Roll for initiative: 'She Kills Monsters'

'She Kills Monsters' review

Filed in , BY Paz Hall

March 16, 2023

A review of Central High School's 'She Kills Monsters'

This play has everything: dungeon masters, evil demon cheerleaders, monster boyfriends and a path through loss. The talented students of Central High School pulled open the curtain last night for “She Kills Monsters:” a play straddling the worlds of Dungeons & Dragons and 1990s Athens, Ohio. From the marketing to the actors on stage, the production was almost entirely student-led and each department made impressive contributions to the experience. 

She Kills Monsters
Photo courtesy Pueblo School District 60

The play opens with narrator Farrah the Fairy (Jolena Valdez) introducing the audience to our main player, Agnes (Flora Nobles), and preparing us for the journey she is about to go on. Following the death of her younger sister, Tilly (Carlee Nunn), high school senior Agnes finds Tilly's Dungeons & Dragons notebook.
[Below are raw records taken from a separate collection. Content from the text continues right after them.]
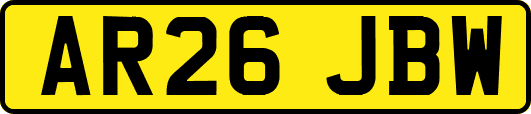 AR26JBW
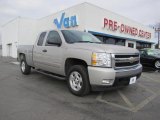 2008 Silver Birch Metallic Chevrolet Silverado 1500 LT Extended Cab #45876880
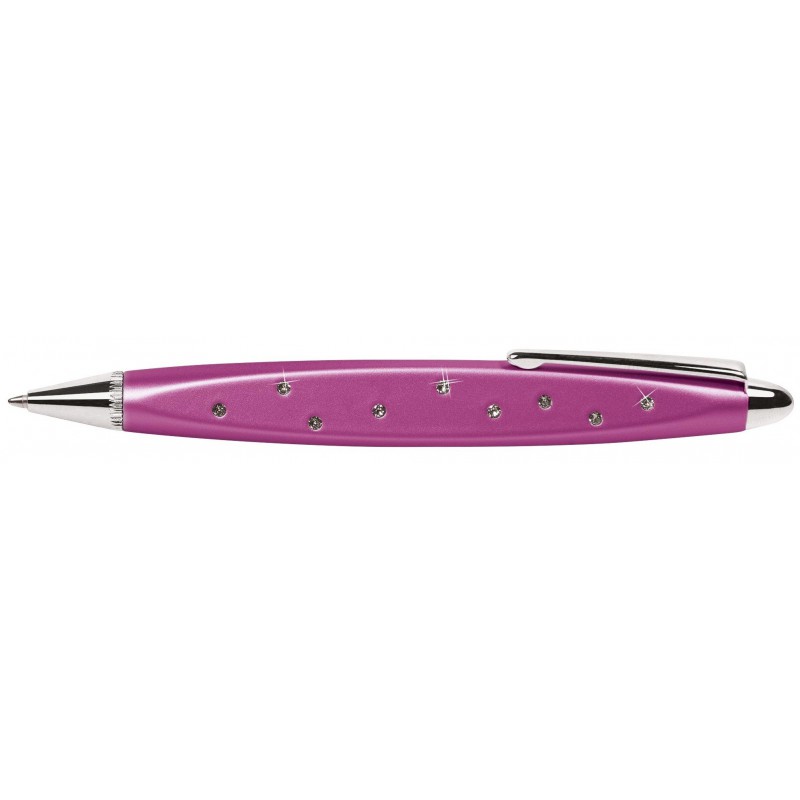 Stylo-Bille Online Cristal Rose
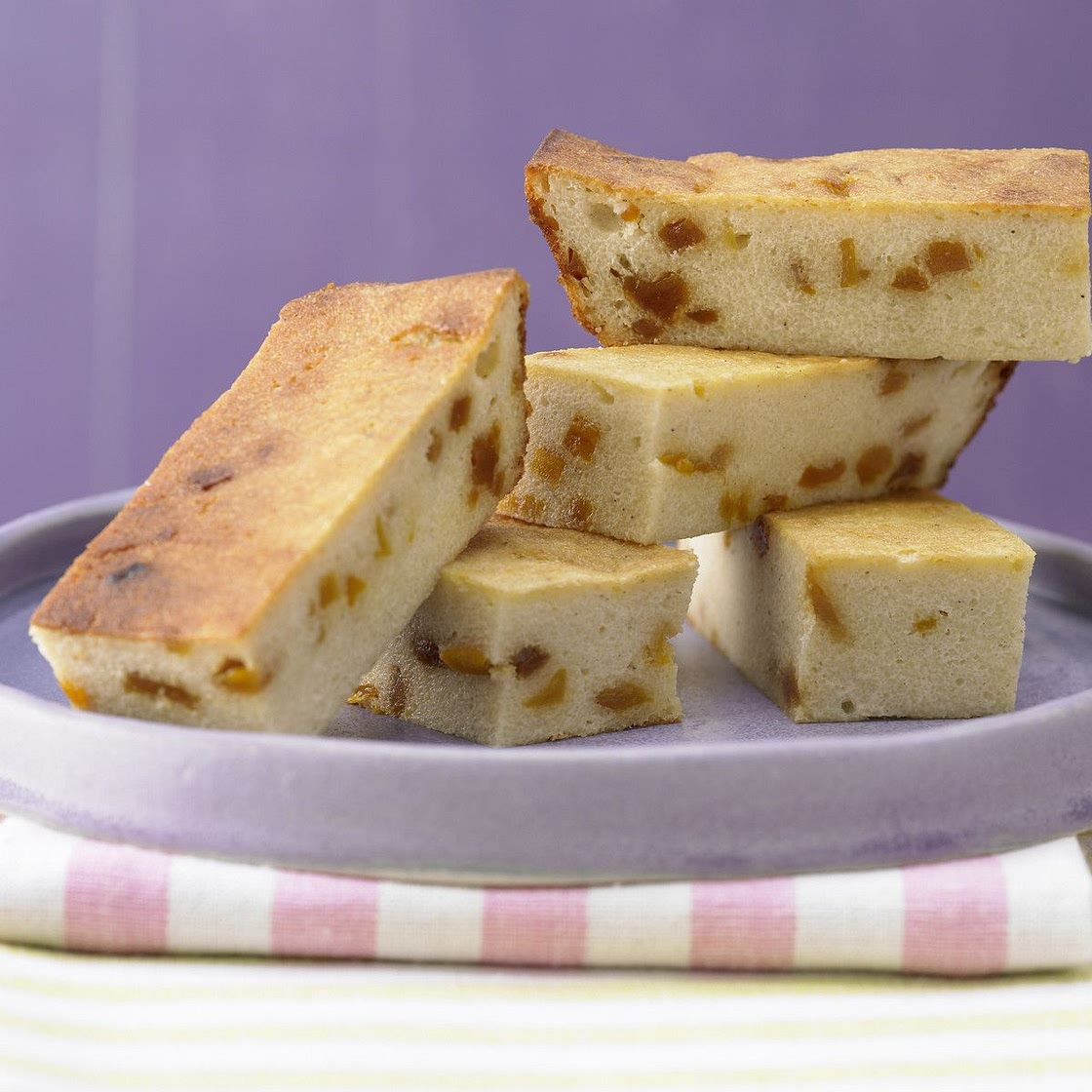 Saftige Käsekuchen-Riegel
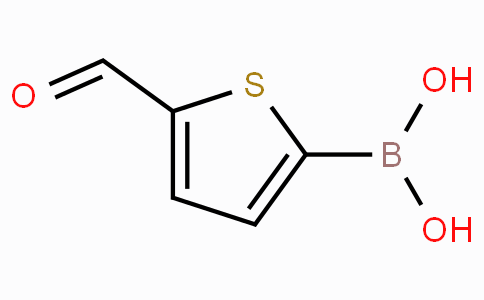 CAS No. 4347-33-5, (5-Formylthiophen-2-yl)boronic acid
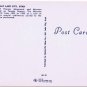 Salt Lake City Utah Postcard Night View Pioneer Monument Mormon Temple Square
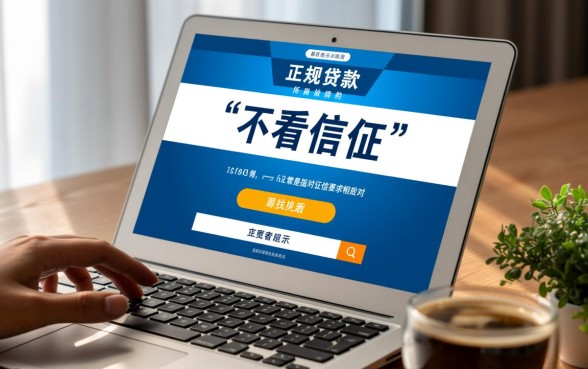 哪个小额贷款不看征信好过一点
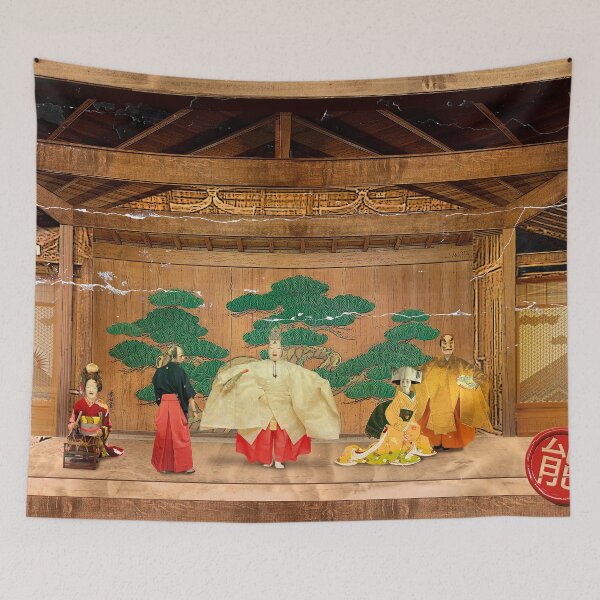 Item preview, The Noh Theater designed and sold by PrivateVices.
In her quest to find out more, she meets the geeky Chuck (Finnley Forsythe) and embarks on the adventure her sister had written. Joined by adventurous versions of her sister’s real-life friends — Lilith aka Lily (Alana Tran), Kaliope aka Kelly (Rylee Lewis) and Orcus aka Ronnie (Jay Carbajal) — Agnes is able to see the world as her sister saw it, and discover so much more about her than she ever imagined. 

The play shines throughout: Nobles is relatable and empathetic as Agnes from the very beginning.Her best friend Vera (Lilith Shook) is both hilarious and endearing. Johnathan Casias excels as Agnes’ sweet boyfriend, Miles, but perhaps even more impressive is the soundtrack he curated as the sound designer of the show. Straight out of the ‘90s, the music both sets the scene and keeps the play’s pace. 
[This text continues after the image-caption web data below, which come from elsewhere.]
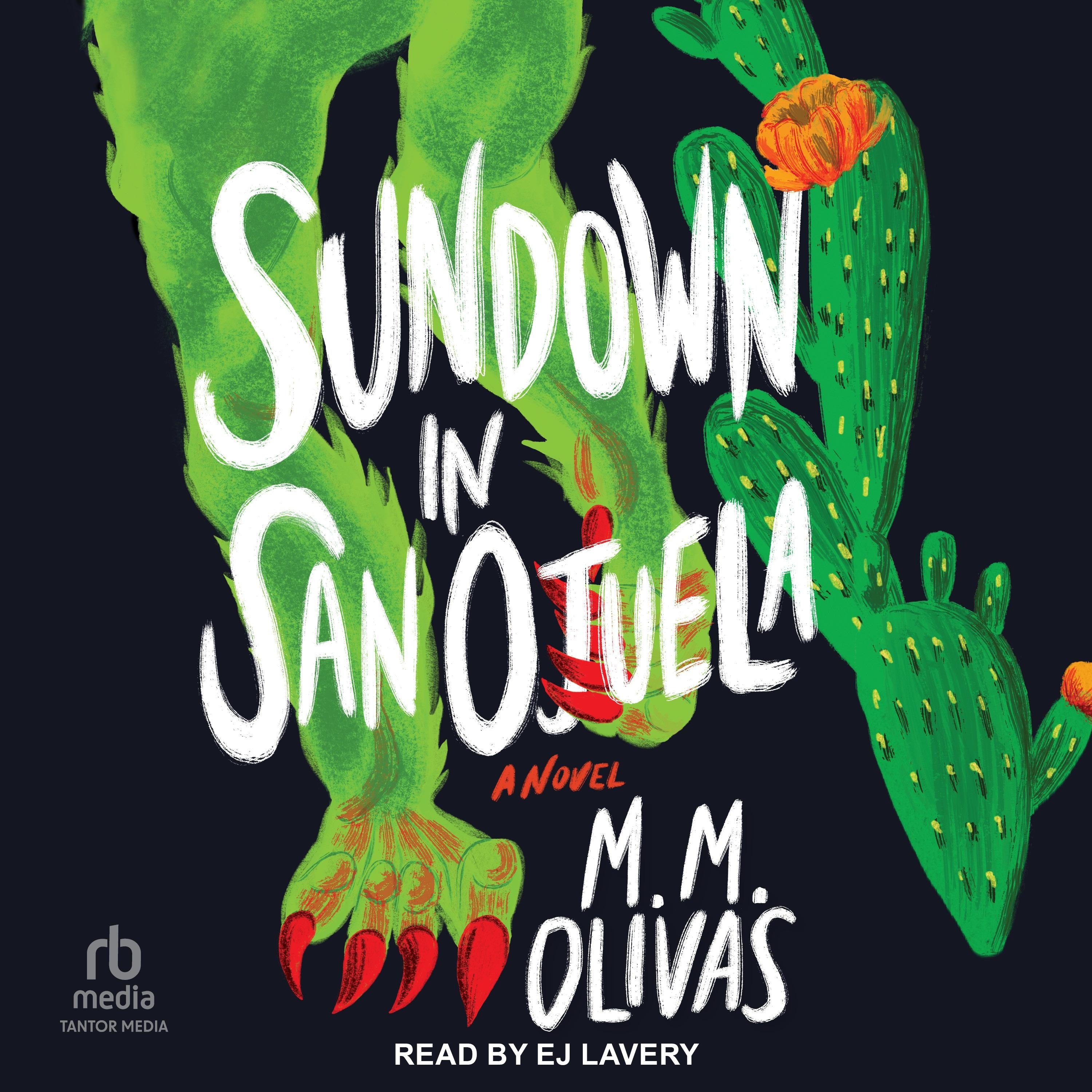 Sundown in San Ojuela
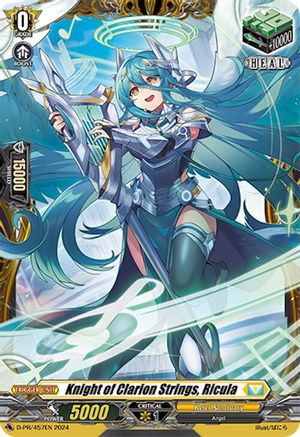 Knight of Clarion Strings, Ricula - D-PR/457EN - Promo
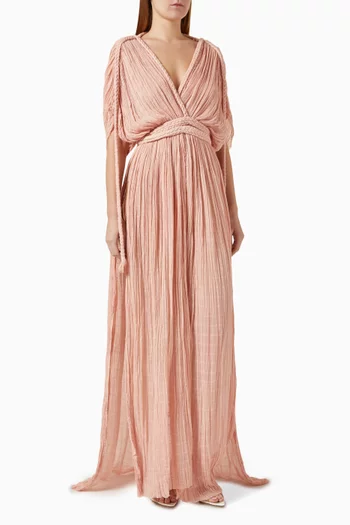 Aura Duster Gown in Cotton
The props and scene design team did excellent work at immersing the audience in both worlds of the play. Orcus’ slacker-throne (complete with Funyuns and Cheez-Whiz!) as well as The Gap stand out. Similarly impressive were the weapons of the young warriors, which were both whimsical and iconic. The play’s fight scenes were well performed, and Sophia Cisney and Samantha Smith-Ingo absolutely crackled with hilarious horror as the evil succubus cheerleaders. Even the intermission snacks stood out with names that kept Agnes' journey close at hand. 
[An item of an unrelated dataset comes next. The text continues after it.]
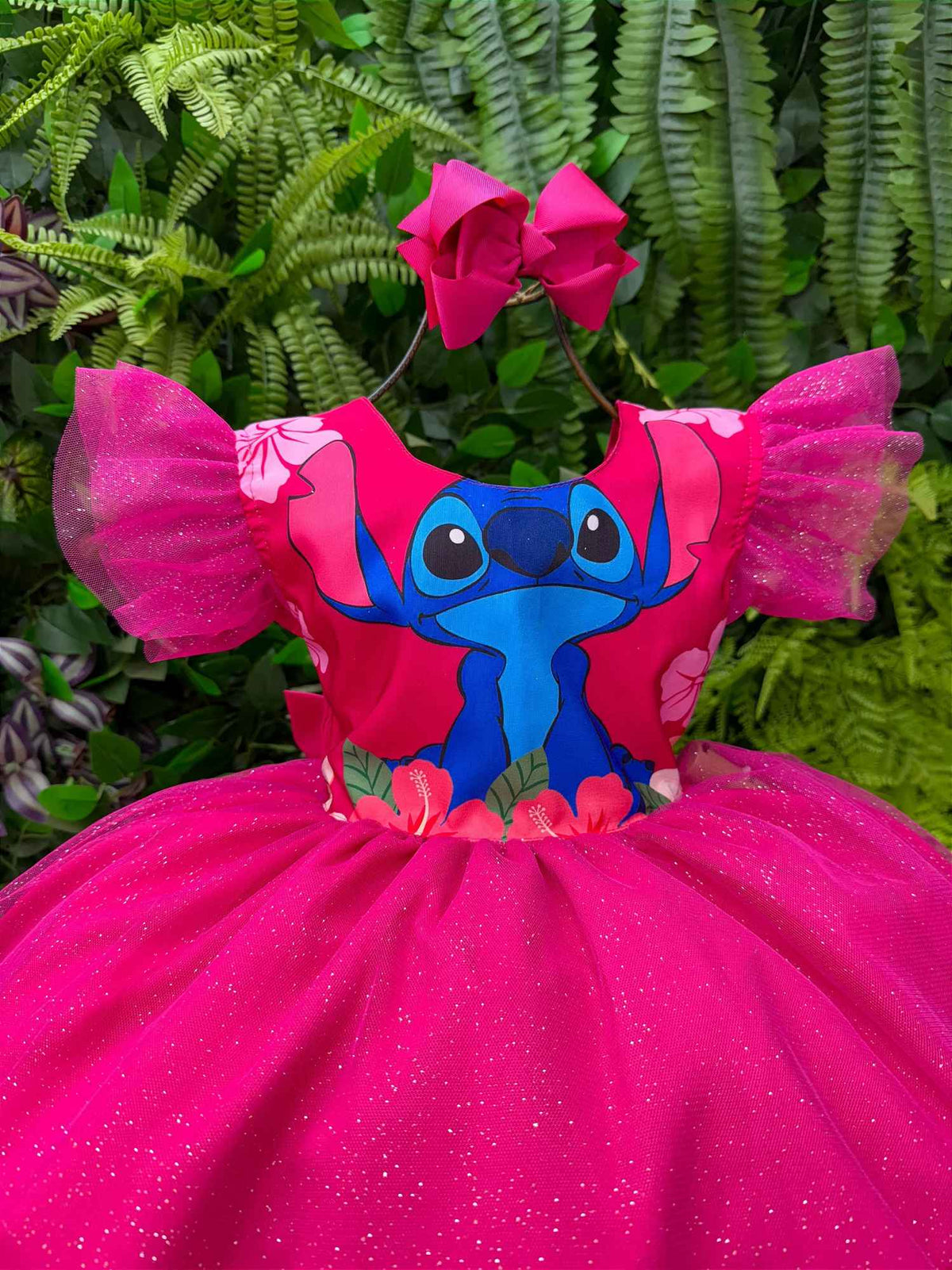 Vestido Tematicos Ysa Kids Lilo Stitch com Led - Leveza e Elegância para Meninas | Bebeloo Kids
All in all, the play was a joy to experience; it was honest, funny and bittersweet. By the end of the evening, I left with tears in my eyes and a smile on my face. You could feel the passion of the entire team for the entire run, and it was a reminder of why cultivation of the arts here in Pueblo is so vital. It connects us with the different parts of ourselves and each other that we may not always see: the complicated, the fierce, the beautiful and the geeky.